TASK REQUIREMENTS: Print every record exactly, but leave out the pictures.

SUPPLIED INFORMATION Block Start

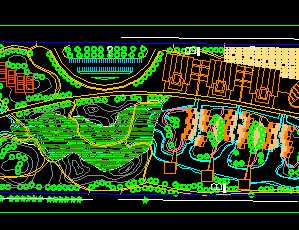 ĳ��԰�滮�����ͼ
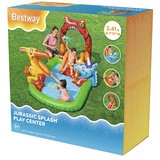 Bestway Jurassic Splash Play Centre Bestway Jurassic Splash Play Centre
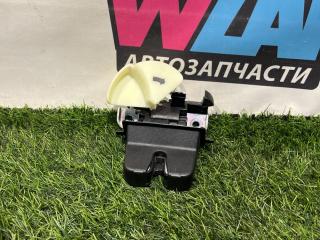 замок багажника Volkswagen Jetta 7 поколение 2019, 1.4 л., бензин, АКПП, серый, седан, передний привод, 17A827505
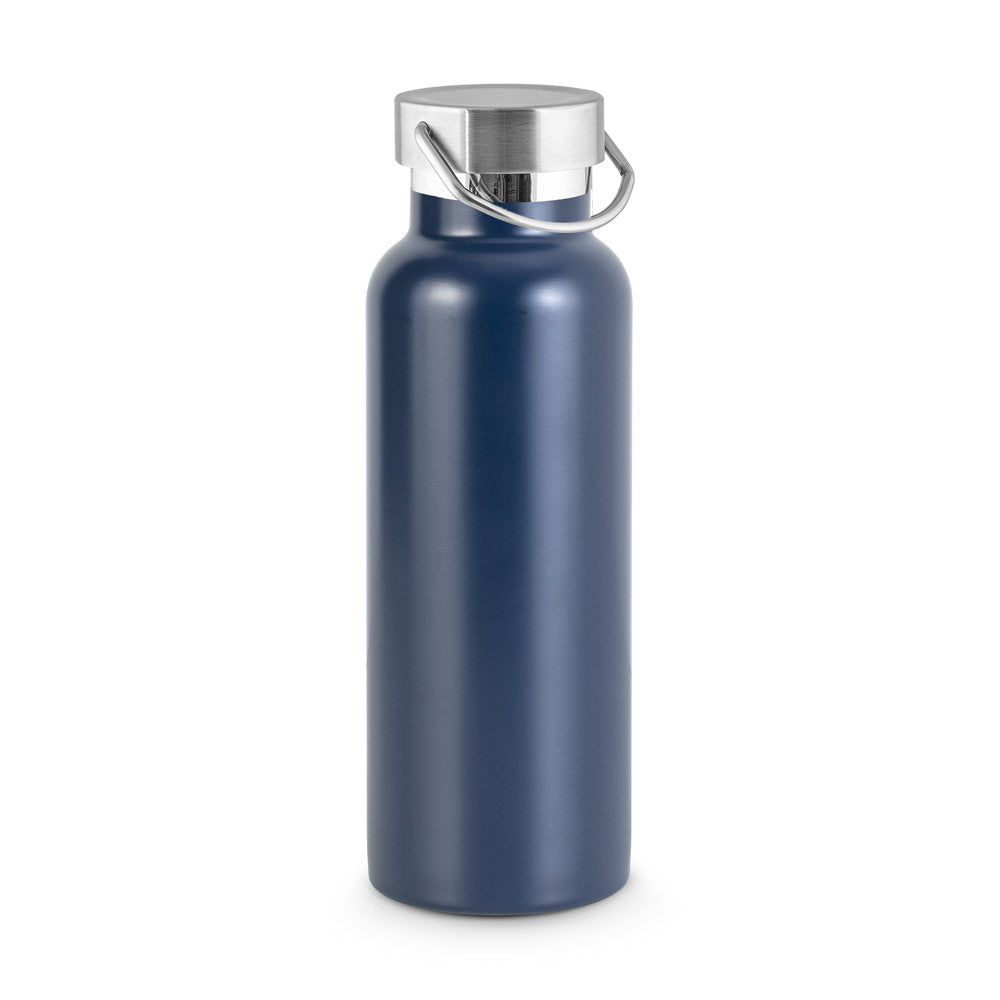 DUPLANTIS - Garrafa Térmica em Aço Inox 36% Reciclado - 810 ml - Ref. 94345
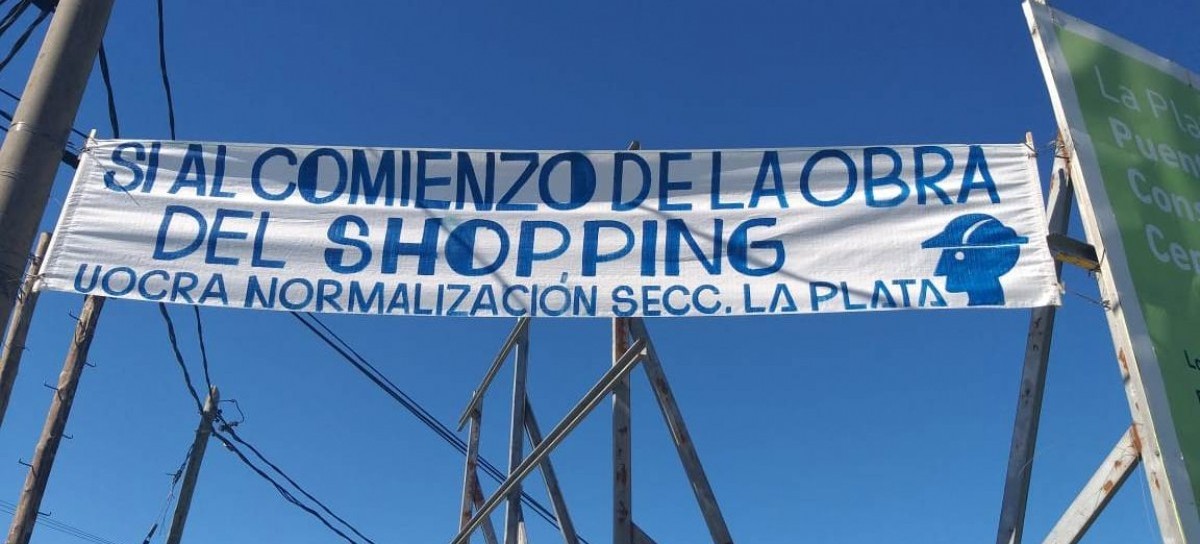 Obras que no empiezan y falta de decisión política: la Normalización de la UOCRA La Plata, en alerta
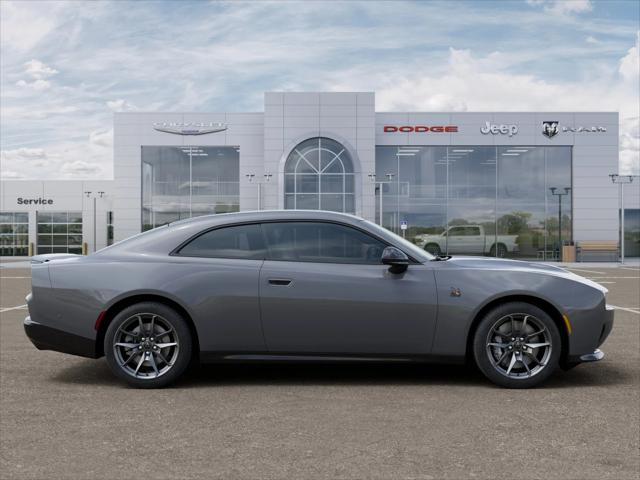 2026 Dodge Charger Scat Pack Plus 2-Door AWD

SUPPLIED INFORMATION Block End

WRITTEN ANSWER:
 ĳ��԰�滮�����ͼ
 Bestway Jurassic Splash Play Centre Bestway Jurassic Splash Play Centre
 замок багажника Volkswagen Jetta 7 поколение 2019, 1.4 л., бензин, АКПП, серый, седан, передний привод, 17A827505
 DUPLANTIS - Garrafa Térmica em Aço Inox 36% Reciclado - 810 ml - Ref. 94345
 Obras que no empiezan y falta de decisión política: la Normalización de la UOCRA La Plata, en alerta
 2026 Dodge Charger Scat Pack Plus 2-Door AWD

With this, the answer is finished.